All of the data that follows is to be written out exactly, with images excluded.

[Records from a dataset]
______
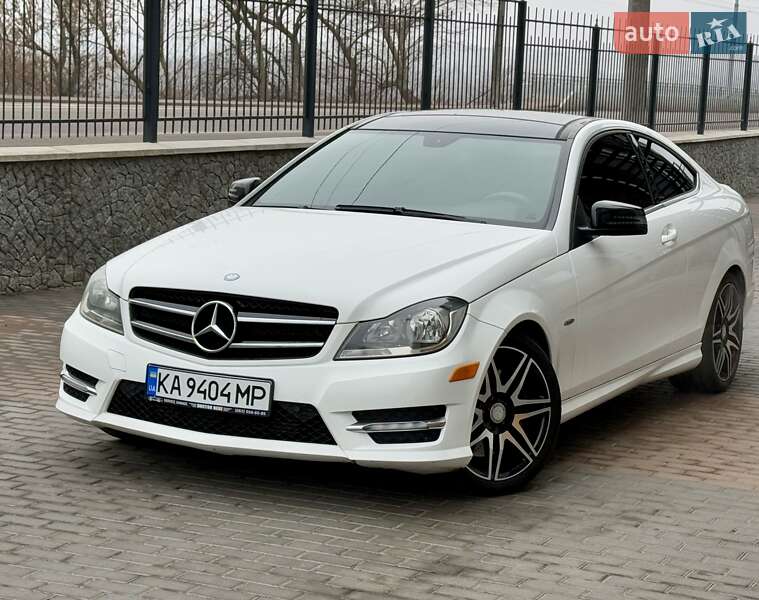 Mercedes-Benz C-Class 2012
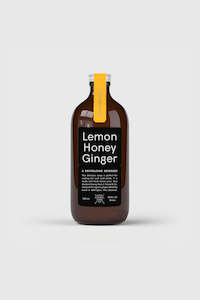 Lemon Honey Ginger Syrup 500ml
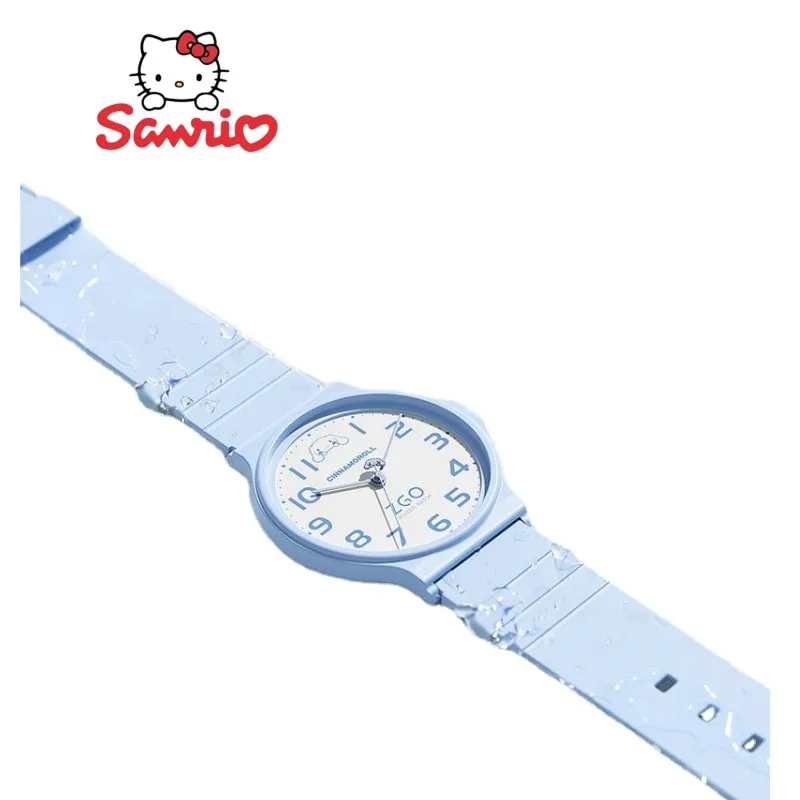 

Sanrio kawaii anime cartoon children's watch female junior high school simple cinnamon roll waterproof quartz watch new style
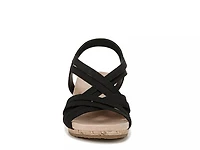 Mallory Wedge Sandal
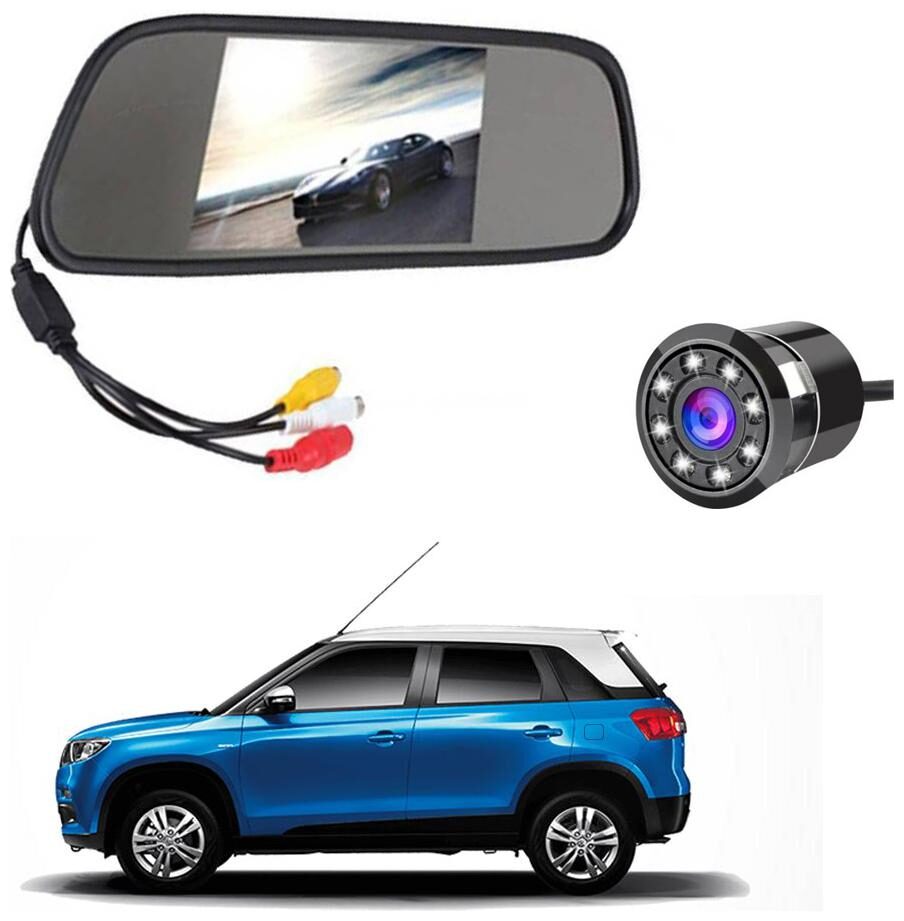 

AYW Car Rear View Camera With Screen Of Brio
______
**Response to this task:**
 Mercedes-Benz C-Class 2012
 Lemon Honey Ginger Syrup 500ml

Sanrio kawaii anime cartoon children's watch female junior high school simple cinnamon roll waterproof quartz watch new style
 Mallory Wedge Sandal

AYW Car Rear View Camera With Screen Of Brio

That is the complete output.